Task directions:
Without the pictures, output all of the data exactly.

Data shown:
Segment Open
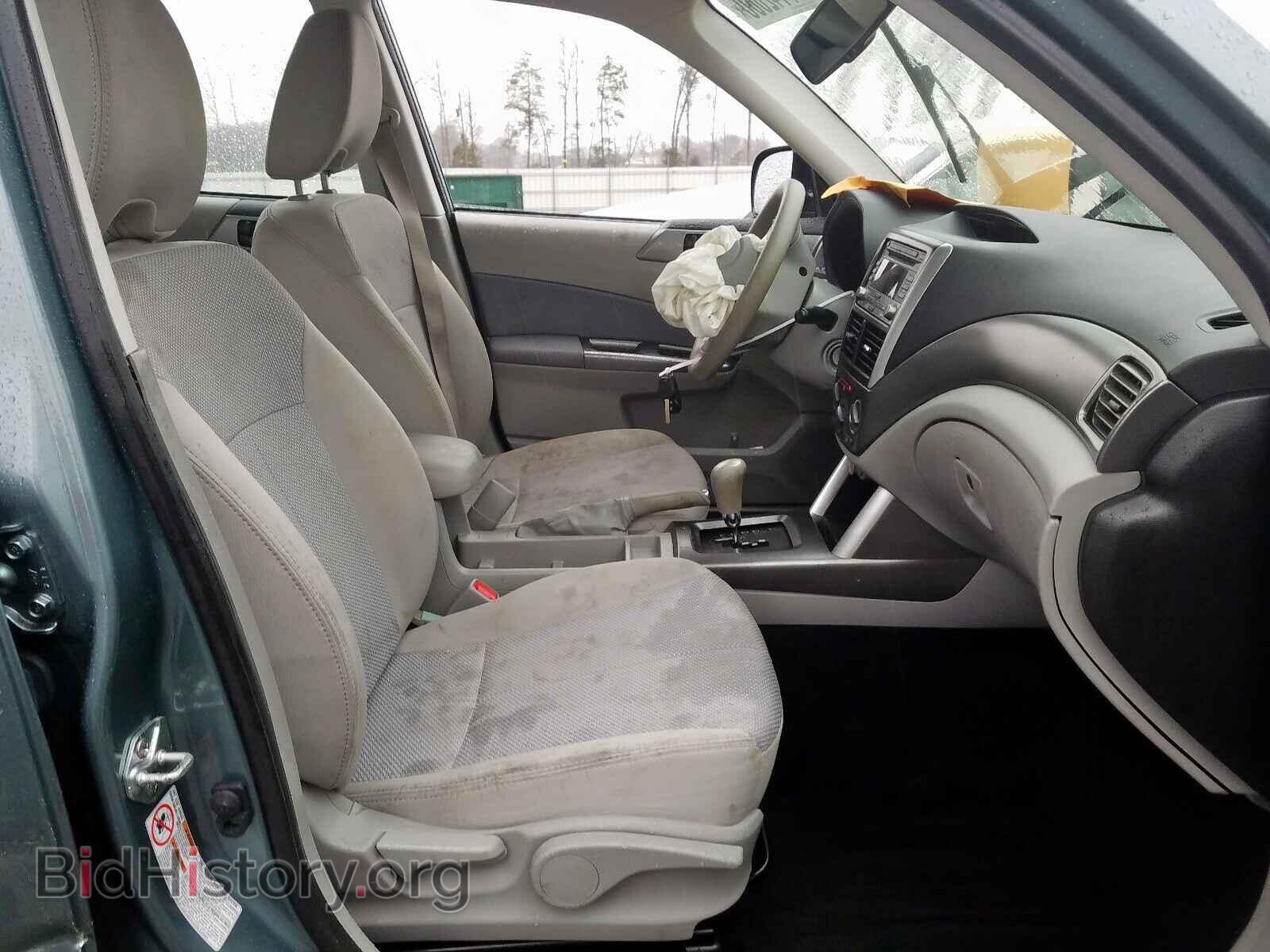 2012 SUBARU FORESTER - VIN: JF2SHBBC9CH442514 - Фото 5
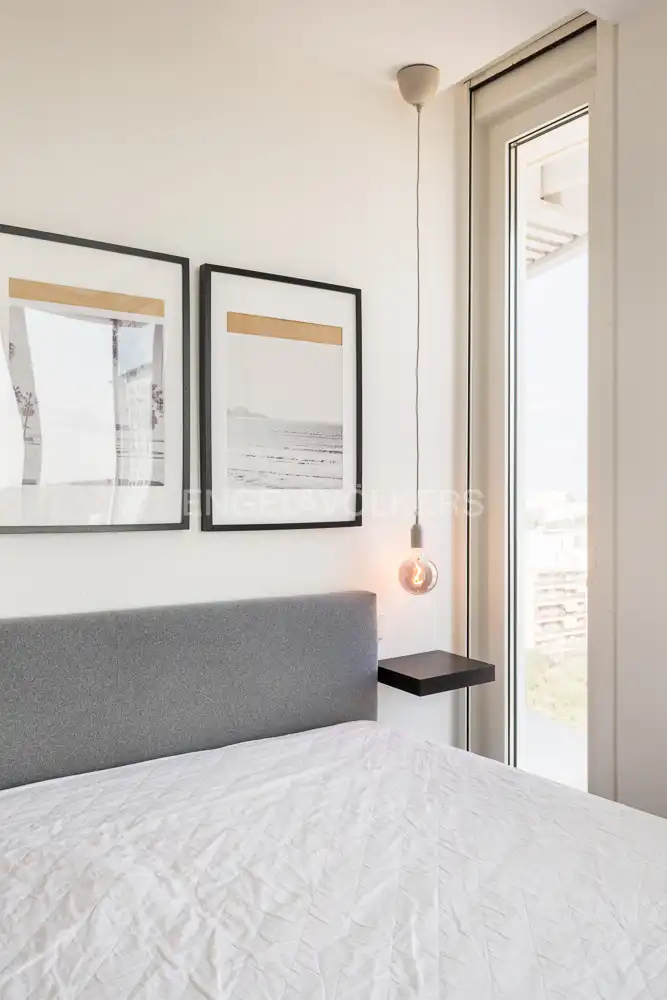 Wohnung zur Miete in Avinguda de les Corts Valencianes, Sant Pau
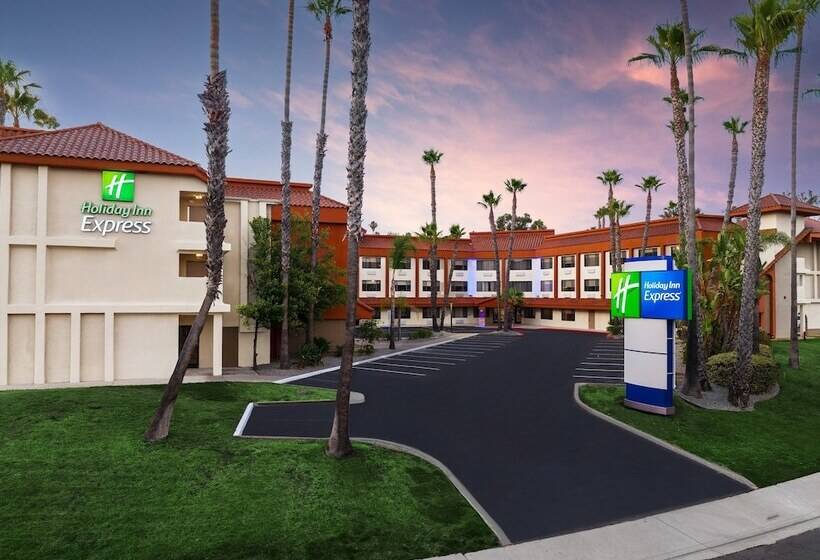 فندق Holiday Inn Express La Mesa Near Sdsu, An Ihg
Segment Closed
Response area:
 2012 SUBARU FORESTER - VIN: JF2SHBBC9CH442514 - Фото 5
 Wohnung zur Miete in Avinguda de les Corts Valencianes, Sant Pau
 فندق Holiday Inn Express La Mesa Near Sdsu, An Ihg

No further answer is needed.